INFORMATION REQUIRED FOR REGISTRATION OF TRANSFER
Transferee is a(n):
Individual* Corporation
Partnership Trust
*If the Note is to be registered in the names of multiple individual owners, the names of
all such owners and one address and social security number must be provided.
The following abbreviations, when used in the inscription on the face of this Note,
shall be construed as though written out in full according to applicable laws or
regulations:
TEN COM - as tenants in common
TEN ENT - as tenants by the entireties
JT TEN - as joint tenants with rights of survivorship and not as tenants in common
IA UNIF TRANS MN ACT - Custodian
(Cust) (Minor)
Under Iowa Uniform Transfers to Minors Act
(State)
ADDITIONAL ABBREVIATIONS MAY BE ALSO
USED THOUGH NOT IN THE ABOVE LIST
Section 14. Contract Between Issuer and Purchaser.
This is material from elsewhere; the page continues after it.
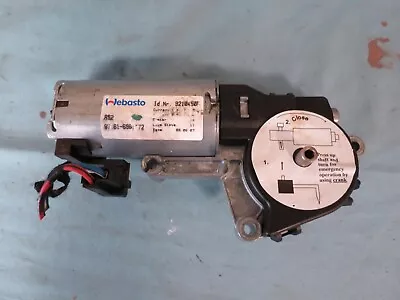 ✅ 05-08 Mini Cooper R52 Sliding Folding Top Sun Moon Roof Motor WEBASTO 6961172 • $129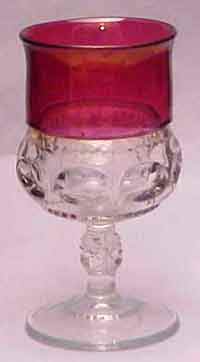 Tiffin # 4016 King's Crown Stemware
This Resolution shall
constitute a contract between said City and the purchaser of the Notes.
Section 15. Non - Arbitrage Covenants. The Issuer reasonably expects and
covenants that no use will be made of the proceeds from the issuance and sale of the
Notes issued hereunder which will cause any of the Notes to be classified as arbitrage
notes within the meaning of Sections 148(a) and (b) of the Internal Revenue Code of the
United States, as amended, and that throughout the term of the Notes it will comply with
the requirements of statutes and regulations issued thereunder.
To the best knowledge and belief of the Issuer, there are no facts or circumstances
that would materially change the foregoing statements or the conclusion that it is not
expected that the proceeds of the Notes will be used in a manner that would cause the
Notes to be arbitrage notes. Without limiting the generality of the foregoing, the Issuer
hereby agrees to comply with the provisions of the Tax Exemption Certificate and the
provisions of the Tax Exemption Certificate are hereby incorporated by reference as part
of this Resolution. The Treasurer is hereby directed to make and insert all calculations
and determinations necessary to complete the Tax Exemption Certificate in all respects
and to execute and deliver the Tax Exemption Certificate at issuance of the Notes to
certify as to the reasonable expectations and covenants of the Issuer at that date.